**EXERCISE AIM**
Set down each record exactly as written.

---- MATERIALS PROVIDED

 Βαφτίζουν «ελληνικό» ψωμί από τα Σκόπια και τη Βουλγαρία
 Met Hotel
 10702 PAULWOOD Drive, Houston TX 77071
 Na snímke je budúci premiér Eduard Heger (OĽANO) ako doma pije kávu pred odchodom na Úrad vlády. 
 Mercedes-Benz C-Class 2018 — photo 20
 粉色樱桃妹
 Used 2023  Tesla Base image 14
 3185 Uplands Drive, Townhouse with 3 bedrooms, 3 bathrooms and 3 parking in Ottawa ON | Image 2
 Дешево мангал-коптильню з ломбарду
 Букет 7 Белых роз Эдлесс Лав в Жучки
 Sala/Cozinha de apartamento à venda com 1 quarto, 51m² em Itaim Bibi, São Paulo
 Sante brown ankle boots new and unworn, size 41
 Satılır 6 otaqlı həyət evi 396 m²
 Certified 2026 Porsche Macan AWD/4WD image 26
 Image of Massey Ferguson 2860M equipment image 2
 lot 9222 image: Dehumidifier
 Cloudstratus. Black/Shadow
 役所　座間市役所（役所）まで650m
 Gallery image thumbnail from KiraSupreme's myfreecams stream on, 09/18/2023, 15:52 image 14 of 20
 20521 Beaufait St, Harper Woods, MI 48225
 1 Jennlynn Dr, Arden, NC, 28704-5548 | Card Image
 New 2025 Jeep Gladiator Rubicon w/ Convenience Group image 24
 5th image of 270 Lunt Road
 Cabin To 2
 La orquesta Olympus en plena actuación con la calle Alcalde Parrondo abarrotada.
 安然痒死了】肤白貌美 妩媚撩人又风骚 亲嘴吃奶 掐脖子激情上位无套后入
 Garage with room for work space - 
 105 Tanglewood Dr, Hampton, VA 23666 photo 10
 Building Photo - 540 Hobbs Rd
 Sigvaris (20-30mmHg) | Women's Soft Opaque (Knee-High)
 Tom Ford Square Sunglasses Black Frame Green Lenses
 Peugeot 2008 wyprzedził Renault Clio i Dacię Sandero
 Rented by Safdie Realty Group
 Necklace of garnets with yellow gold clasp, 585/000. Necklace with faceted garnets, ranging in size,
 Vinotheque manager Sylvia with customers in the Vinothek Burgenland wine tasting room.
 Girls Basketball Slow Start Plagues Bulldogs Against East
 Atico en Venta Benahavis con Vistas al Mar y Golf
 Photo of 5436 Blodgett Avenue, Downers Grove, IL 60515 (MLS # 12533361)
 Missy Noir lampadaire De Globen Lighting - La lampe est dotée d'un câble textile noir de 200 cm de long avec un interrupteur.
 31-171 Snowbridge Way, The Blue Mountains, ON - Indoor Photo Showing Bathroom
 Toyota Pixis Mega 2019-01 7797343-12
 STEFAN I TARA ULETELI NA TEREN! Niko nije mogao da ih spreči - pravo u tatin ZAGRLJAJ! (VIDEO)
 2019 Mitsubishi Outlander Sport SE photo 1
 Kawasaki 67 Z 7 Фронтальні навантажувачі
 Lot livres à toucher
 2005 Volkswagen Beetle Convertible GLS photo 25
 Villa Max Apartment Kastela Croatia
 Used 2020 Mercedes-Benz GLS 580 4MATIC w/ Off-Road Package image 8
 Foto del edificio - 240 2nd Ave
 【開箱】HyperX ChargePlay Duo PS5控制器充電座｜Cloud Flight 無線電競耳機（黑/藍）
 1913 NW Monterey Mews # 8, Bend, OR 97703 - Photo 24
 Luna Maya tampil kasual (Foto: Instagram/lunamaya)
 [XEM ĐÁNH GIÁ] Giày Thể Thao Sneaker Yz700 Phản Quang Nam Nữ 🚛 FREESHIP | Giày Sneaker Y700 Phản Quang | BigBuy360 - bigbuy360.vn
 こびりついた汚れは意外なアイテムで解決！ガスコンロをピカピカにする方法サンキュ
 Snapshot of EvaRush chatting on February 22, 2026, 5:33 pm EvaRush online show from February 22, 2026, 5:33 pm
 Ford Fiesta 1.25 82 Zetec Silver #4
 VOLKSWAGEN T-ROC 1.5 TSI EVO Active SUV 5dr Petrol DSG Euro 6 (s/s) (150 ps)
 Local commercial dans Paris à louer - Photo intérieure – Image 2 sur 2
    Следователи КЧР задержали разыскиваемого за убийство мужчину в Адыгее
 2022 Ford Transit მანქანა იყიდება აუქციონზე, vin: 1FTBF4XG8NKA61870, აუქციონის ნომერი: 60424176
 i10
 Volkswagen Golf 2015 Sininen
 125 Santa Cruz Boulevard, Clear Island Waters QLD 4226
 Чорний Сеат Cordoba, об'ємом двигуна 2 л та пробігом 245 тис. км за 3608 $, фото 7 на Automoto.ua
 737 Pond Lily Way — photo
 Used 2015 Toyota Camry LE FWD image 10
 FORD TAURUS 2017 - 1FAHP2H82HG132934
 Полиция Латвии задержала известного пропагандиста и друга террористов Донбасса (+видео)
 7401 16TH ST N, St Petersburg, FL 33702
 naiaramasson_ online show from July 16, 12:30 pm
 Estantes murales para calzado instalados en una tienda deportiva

--------

**WRITTEN REPLY**
 Βαφτίζουν «ελληνικό» ψωμί από τα Σκόπια και τη Βουλγαρία
 Met Hotel
 10702 PAULWOOD Drive, Houston TX 77071
 Na snímke je budúci premiér Eduard Heger (OĽANO) ako doma pije kávu pred odchodom na Úrad vlády. 
 Mercedes-Benz C-Class 2018 — photo 20
 粉色樱桃妹
 Used 2023  Tesla Base image 14
 3185 Uplands Drive, Townhouse with 3 bedrooms, 3 bathrooms and 3 parking in Ottawa ON | Image 2
 Дешево мангал-коптильню з ломбарду
 Букет 7 Белых роз Эдлесс Лав в Жучки
 Sala/Cozinha de apartamento à venda com 1 quarto, 51m² em Itaim Bibi, São Paulo
 Sante brown ankle boots new and unworn, size 41
 Satılır 6 otaqlı həyət evi 396 m²
 Certified 2026 Porsche Macan AWD/4WD image 26
 Image of Massey Ferguson 2860M equipment image 2
 lot 9222 image: Dehumidifier
 Cloudstratus. Black/Shadow
 役所　座間市役所（役所）まで650m
 Gallery image thumbnail from KiraSupreme's myfreecams stream on, 09/18/2023, 15:52 image 14 of 20
 20521 Beaufait St, Harper Woods, MI 48225
 1 Jennlynn Dr, Arden, NC, 28704-5548 | Card Image
 New 2025 Jeep Gladiator Rubicon w/ Convenience Group image 24
 5th image of 270 Lunt Road
 Cabin To 2
 La orquesta Olympus en plena actuación con la calle Alcalde Parrondo abarrotada.
 安然痒死了】肤白貌美 妩媚撩人又风骚 亲嘴吃奶 掐脖子激情上位无套后入
 Garage with room for work space - 
 105 Tanglewood Dr, Hampton, VA 23666 photo 10
 Building Photo - 540 Hobbs Rd
 Sigvaris (20-30mmHg) | Women's Soft Opaque (Knee-High)
 Tom Ford Square Sunglasses Black Frame Green Lenses
 Peugeot 2008 wyprzedził Renault Clio i Dacię Sandero
 Rented by Safdie Realty Group
 Necklace of garnets with yellow gold clasp, 585/000. Necklace with faceted garnets, ranging in size,
 Vinotheque manager Sylvia with customers in the Vinothek Burgenland wine tasting room.
 Girls Basketball Slow Start Plagues Bulldogs Against East
 Atico en Venta Benahavis con Vistas al Mar y Golf
 Photo of 5436 Blodgett Avenue, Downers Grove, IL 60515 (MLS # 12533361)
 Missy Noir lampadaire De Globen Lighting - La lampe est dotée d'un câble textile noir de 200 cm de long avec un interrupteur.
 31-171 Snowbridge Way, The Blue Mountains, ON - Indoor Photo Showing Bathroom
 Toyota Pixis Mega 2019-01 7797343-12
 STEFAN I TARA ULETELI NA TEREN! Niko nije mogao da ih spreči - pravo u tatin ZAGRLJAJ! (VIDEO)
 2019 Mitsubishi Outlander Sport SE photo 1
 Kawasaki 67 Z 7 Фронтальні навантажувачі
 Lot livres à toucher
 2005 Volkswagen Beetle Convertible GLS photo 25
 Villa Max Apartment Kastela Croatia
 Used 2020 Mercedes-Benz GLS 580 4MATIC w/ Off-Road Package image 8
 Foto del edificio - 240 2nd Ave
 【開箱】HyperX ChargePlay Duo PS5控制器充電座｜Cloud Flight 無線電競耳機（黑/藍）
 1913 NW Monterey Mews # 8, Bend, OR 97703 - Photo 24
 Luna Maya tampil kasual (Foto: Instagram/lunamaya)
 [XEM ĐÁNH GIÁ] Giày Thể Thao Sneaker Yz700 Phản Quang Nam Nữ 🚛 FREESHIP | Giày Sneaker Y700 Phản Quang | BigBuy360 - bigbuy360.vn
 こびりついた汚れは意外なアイテムで解決！ガスコンロをピカピカにする方法サンキュ
 Snapshot of EvaRush chatting on February 22, 2026, 5:33 pm EvaRush online show from February 22, 2026, 5:33 pm
 Ford Fiesta 1.25 82 Zetec Silver #4
 VOLKSWAGEN T-ROC 1.5 TSI EVO Active SUV 5dr Petrol DSG Euro 6 (s/s) (150 ps)
 Local commercial dans Paris à louer - Photo intérieure – Image 2 sur 2
    Следователи КЧР задержали разыскиваемого за убийство мужчину в Адыгее
 2022 Ford Transit მანქანა იყიდება აუქციონზე, vin: 1FTBF4XG8NKA61870, აუქციონის ნომერი: 60424176
 i10
 Volkswagen Golf 2015 Sininen
 125 Santa Cruz Boulevard, Clear Island Waters QLD 4226
 Чорний Сеат Cordoba, об'ємом двигуна 2 л та пробігом 245 тис. км за 3608 $, фото 7 на Automoto.ua
 737 Pond Lily Way — photo
 Used 2015 Toyota Camry LE FWD image 10
 FORD TAURUS 2017 - 1FAHP2H82HG132934
 Полиция Латвии задержала известного пропагандиста и друга террористов Донбасса (+видео)
 7401 16TH ST N, St Petersburg, FL 33702
 naiaramasson_ online show from July 16, 12:30 pm
 Estantes murales para calzado instalados en una tienda deportiva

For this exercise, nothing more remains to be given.